Andy Griffith

When I heard that Andy Griffith passed away on July 3, 2012, I felt the urge to blog about it because I always liked him. I remembered him first and foremost from the Andy Griffith show that I watched along with my grandparents when I visited their apartment as a young child. Afternoons of beans and wieners followed by the iconic whistling intro, were fondly remembered, with the image of the even tempered Andy walking along a road with an exited child actor running along beside him named Ron Howard, as Opie. It always seemed a wholesome bit of TV, so from that point on, I always equated Andy with wholesomeness.

Upon Andy’s death, I did a little bit of looking into his old roles. Many of his shows I had not seen, although there was some more reminiscing when I came across Matlock again, which I occasionally watched with my family, and vague recollections of watching the Waitress and Spy Hard. Since I can’t seem to stay away from my local library, I also managed to dig up some other movies by Andy, such as No Time for Sergeants, an old black and white from ’58 that showed Andy as a bumbling farm boy flexing his comedic chops in the air force. His dopy, yet endearing, character was just so fun to watch. There was even a short role in the film for Don Knotts, Andy’s eventual Mayberry sidekick, which is all the more fun because this film actually predates the Andy Griffith Show by 2 years.

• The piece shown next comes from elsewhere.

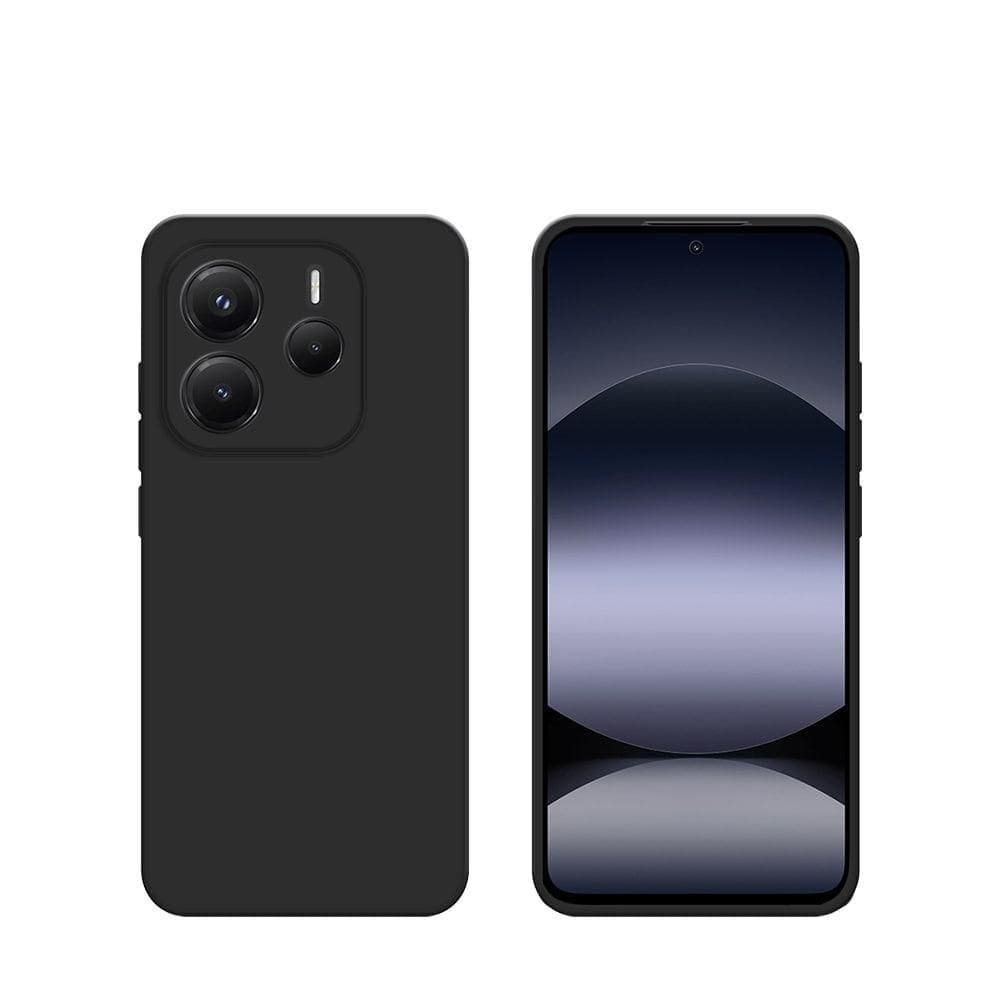 Capa Protetora De Silicone Para Smartphone Redmi Note 14 5g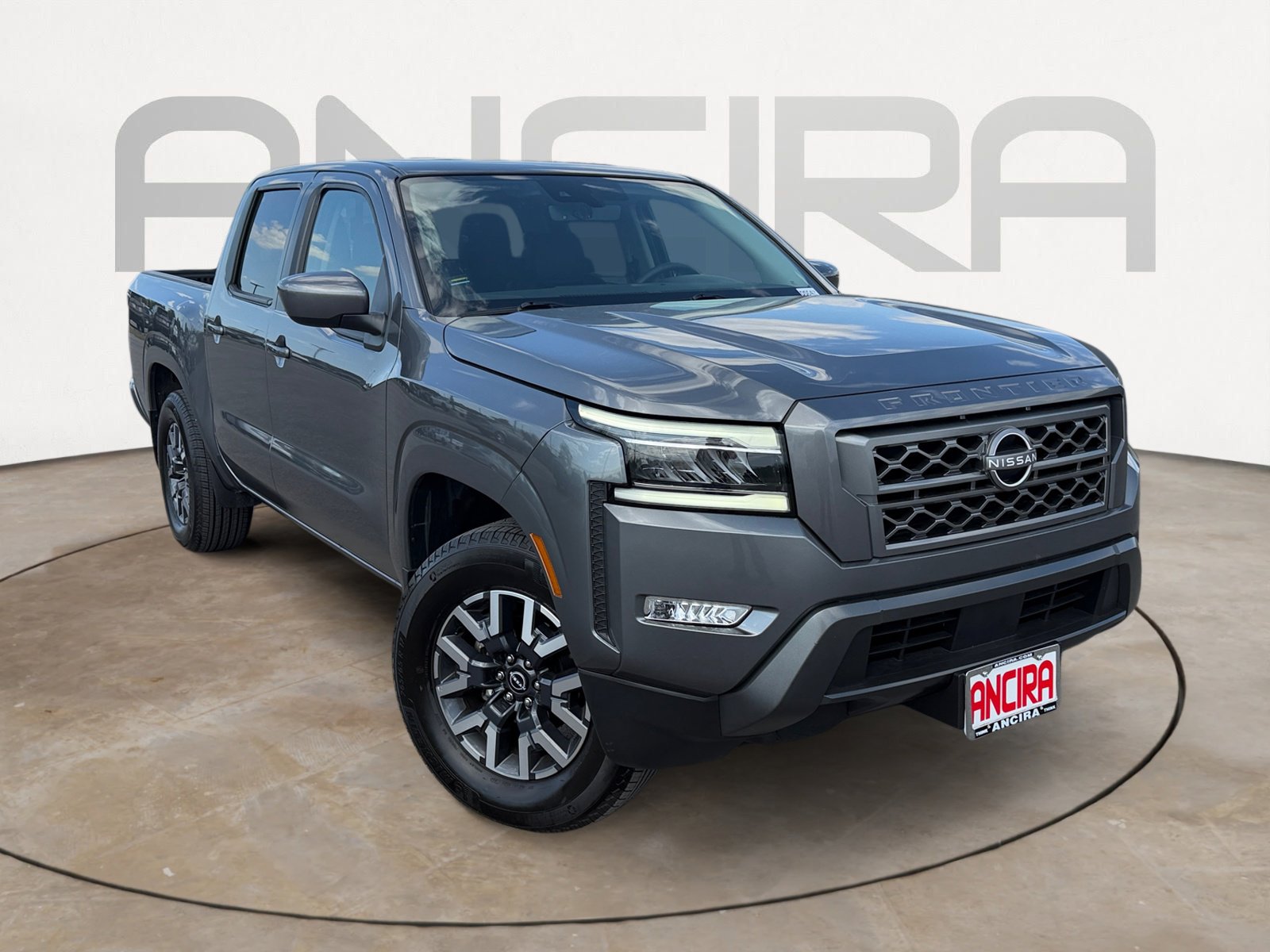 Used 2024 Nissan Frontier SL w/ Technology Package image 4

I may have watched one of his more powerful performances when I found Andy’s portrayal of Larry ‘Lonesome’ Rhoads in his very first movie, A Face in the Crowd, from 1957. This was the first time I’d seen Andy play such a vibrantly charismatic jerk, with his leering cockiness and spontaneously rebellious, and fairly well played, songs. There was something about his amazing crazy eyed intensity I found captivating, perhaps simply because it’s in such stark contrast to the Andy characters I always thought I knew. The plot was one I’d seen before, generally about how power and fame corrupts, but this was a film set way before its time, and it accurately depicts some of what we have going on in media and entertainment today, 55 years later.  With a young Walter Mathau with some classic and insightful lines and Patricia Neal doing a smart, dedicated-to-a-fault, supporting female lead, this movie really was fantastic. The trailer doesn’t really do it justice, but you can find it below, along with a short clip from No Time for Sergeants and a little Andy Griffith show for good measure.

Andy was a talented actor, a treasure that touched the lives of many in Hollywood and around the world. This fatherly icon showed people, through his Mayberry character, what characteristics fathers could and should embody. That they could be strong, funny, wholesome, fair and kind. I miss that in television, and I’ll miss Andy Griffith.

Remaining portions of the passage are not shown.